*** Begin section ***

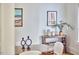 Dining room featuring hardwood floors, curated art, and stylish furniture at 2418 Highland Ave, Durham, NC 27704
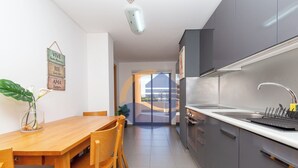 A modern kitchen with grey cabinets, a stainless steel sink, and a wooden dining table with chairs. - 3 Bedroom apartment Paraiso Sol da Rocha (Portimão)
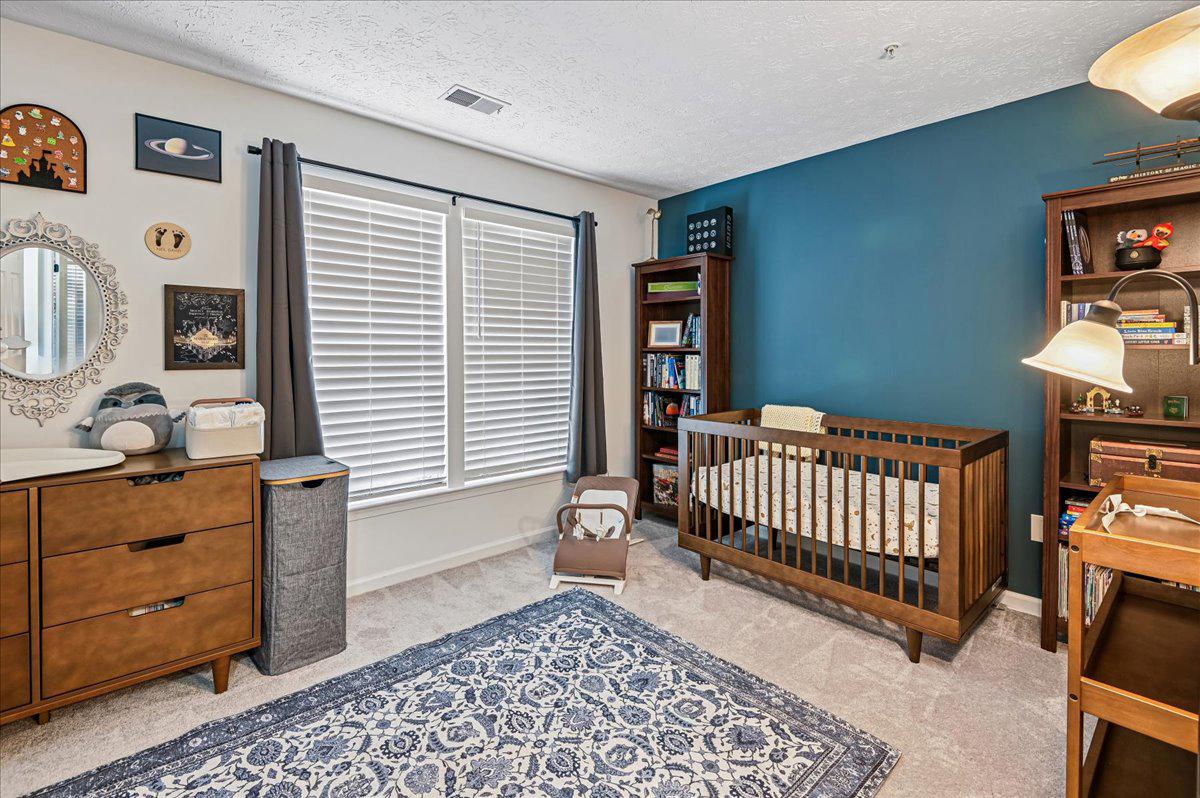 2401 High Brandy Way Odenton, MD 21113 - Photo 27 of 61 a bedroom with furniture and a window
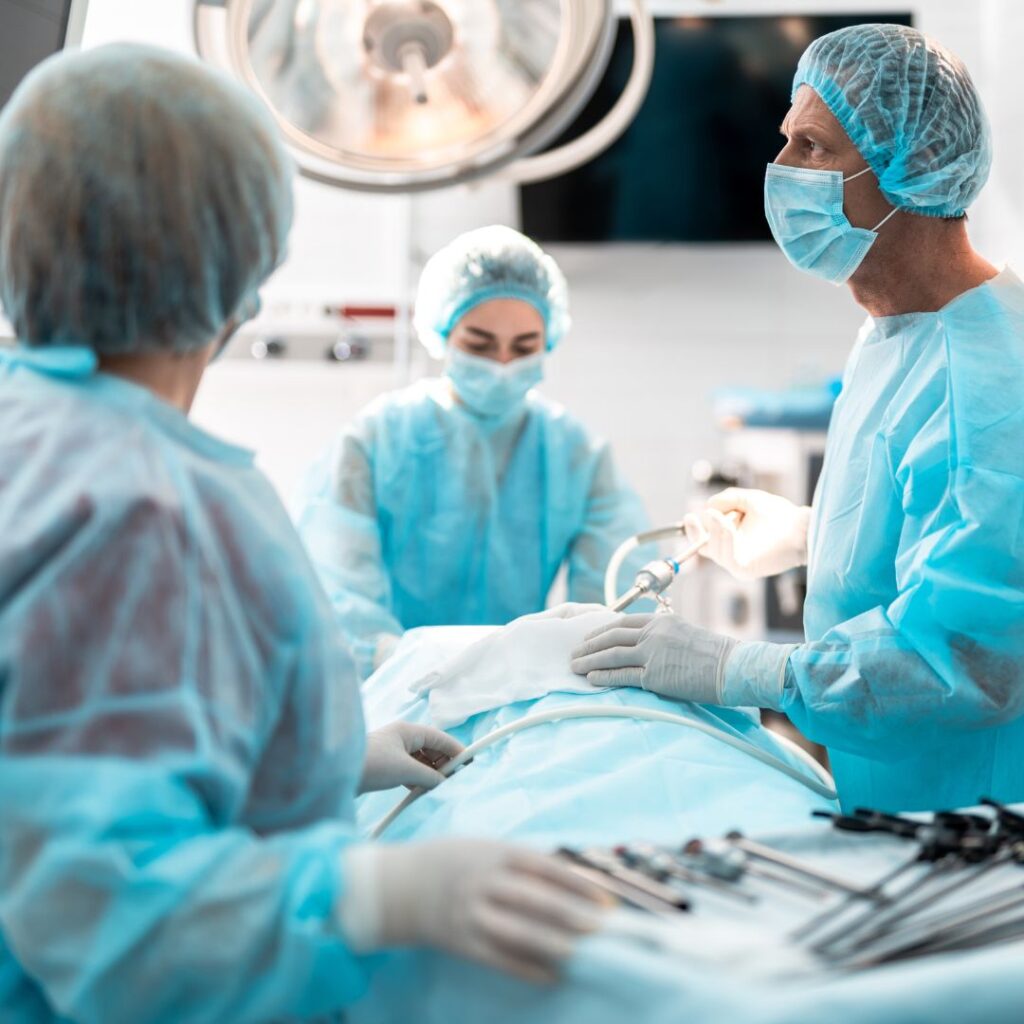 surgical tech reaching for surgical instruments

*** End section ***

Set down, word for word, the full listing above, and carry over no pictures.

 Dining room featuring hardwood floors, curated art, and stylish furniture at 2418 Highland Ave, Durham, NC 27704
 A modern kitchen with grey cabinets, a stainless steel sink, and a wooden dining table with chairs. - 3 Bedroom apartment Paraiso Sol da Rocha (Portimão)
 2401 High Brandy Way Odenton, MD 21113 - Photo 27 of 61 a bedroom with furniture and a window
 surgical tech reaching for surgical instruments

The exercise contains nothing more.